The federal government considers cannabis a Schedule I substance: a drug with no medicinal value and with a potential for addiction as strong as heroin. But one doctor believes that cannabis is not only safe, but that it’s far safer than what’s in your medicine cabinet.
Dr. Christopher Prince is a Michigan-based physician who specializes in emergency medicine, and now provides medical care in rural areas of the United States. Prince has seen plenty of drug overdoses during his career, but not once has he seen an overdose on cannabis.
“In 33 years of practice, I’ve never seen anyone come in with a pure problem from a marijuana overdose,” he said. “I’ve worked in the ER enough, I’ve seen [more] people who need liver transplants from Tylenol overdose.”
According to a report released in 2014, 67.8 percent of emergency room visits were attributed to drug overdoses, both illicit and prescribed. Based on his own observations, Prince is concerned about the overall clinical approach towards pain management, and the safety of medications being prescribed.
“We as physicians have found that people that are getting addicted [to painkillers] have been [doing so] because of our own treatment plans,” Prince said. “It isn’t because we [as physicians] don’t know what we’re doing, it’s because of how we’ve been pushed to treat pain. When you start comparing [current pain treatment] to marijuana, a lot of these other things are far more addictive.”
Prince is among the millions of doctors who have not witnessed a single lethal overdose of cannabis. This is because overdosing on cannabis is impossible. “The lethal doses of marijuana are so astronomically high that a human couldn’t consume that much in a single sitting,” he said. What Prince is seeing is painkillers at work, all of which reduce the amount of pain a patient experiences, but in many different ways and with different side effects.

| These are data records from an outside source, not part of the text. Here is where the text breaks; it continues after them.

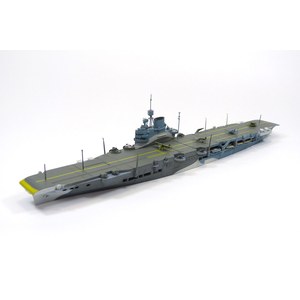 【再生産】1/700 ウォーターライン No.718 英国海軍航空母艦イラストリアス【05104】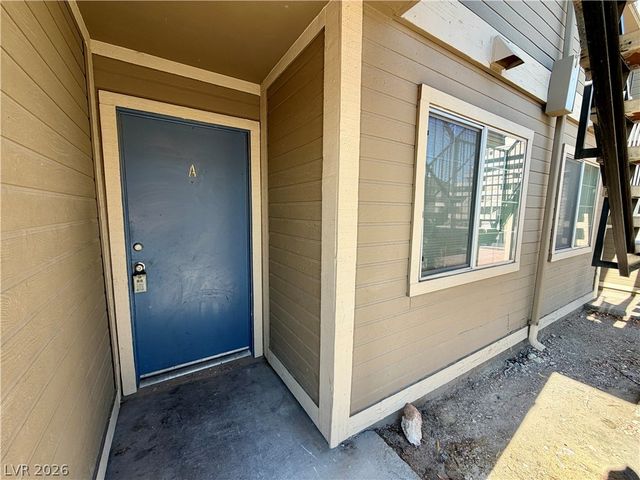 2704 Aarondavid Drive A, Las Vegas, NV 89121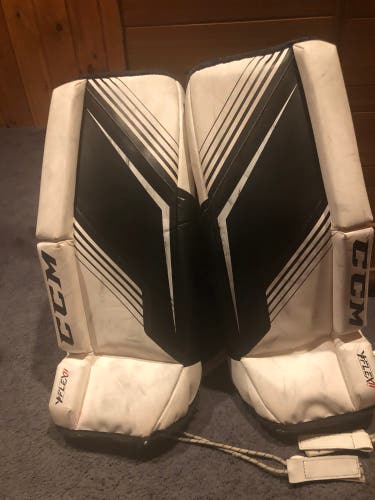22" CCM Extreme Flex II Goalie Leg Pads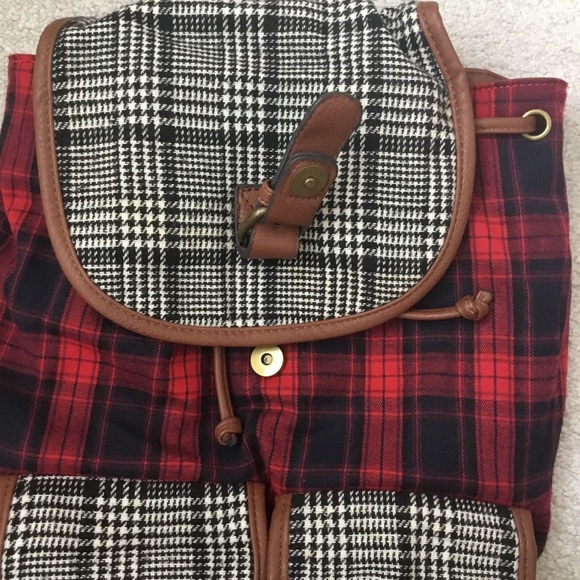 Backpack - Picture 2 of 9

Acetaminophen has been used for centuries to treat pain, but even modern medicine isn’t completely sure how it works in the body. The closest theory is that it blocks a particular enzyme called cyclooxygenase, also referred to as COX. Researchers have known about this enzyme for quite a long time, and it seems that the human body likes to use this enzyme to tell the brain something is wrong, resulting in pain. Aspirin functions similarly, and has been used even longer than acetaminophen. These two drugs are considered save enough to sell over the counter, but have long-term side effects like liver damage and and stroke.
“Tylenol and aspirin, in my opinion, are two of the most lethal painkillers out there, because you can self-medicate, and there’s no prescription required,” said Prince. “They work well, but you start dealing with the abuse potential.”
But the more significant concern for health care providers are opioid painkillers. Opioids work by blocking opioid receptors in the brain and spine. What makes these medications addictive is the amount of dopamine released while the drug is active. Taken over time, the brain becomes dependent on the amount of dopamine being released.
This effect is similar to how cannabis works in the body, but with some notable exceptions. While there are both opioid receptors and cannabinoid receptors in the brain, the location of them differentiates the effect they have on the body. Unlike cannabinoid receptors, those for opioids are located in areas of the brain responsible for essential bodily functions, like respiration, which is why opioids can be lethal and cannabinoids, effectively, are not.
Even after these differences are established and other substances are deemed more dangerous, cannabis is still viewed as a gateway drug that leads the user to more harmful substances. But Dr. Prince believes that gateway appears earlier in a patient’s history of addiction.
“If you think about it, the majority of the people that use harder drugs started out using marijuana,” said Prince.
“Because it was their first drug, people assume that’s what led to them wanting a bigger high. If you start thinking about addiction, start thinking about alcohol and tobacco, because they’re both more addictive than cannabis.”
Although mainstream medicine has yet to acknowledge the potential for cannabis to treat pain, Dr. Prince is cautiously moving forward with cannabinoid-based therapies for his own patients.
“[Medical marijuana] has been working well for several of the patients [my practice has] been seeing,” he said. “How much of that is marijuana or other medications [they are taking] is anyone’s guess.”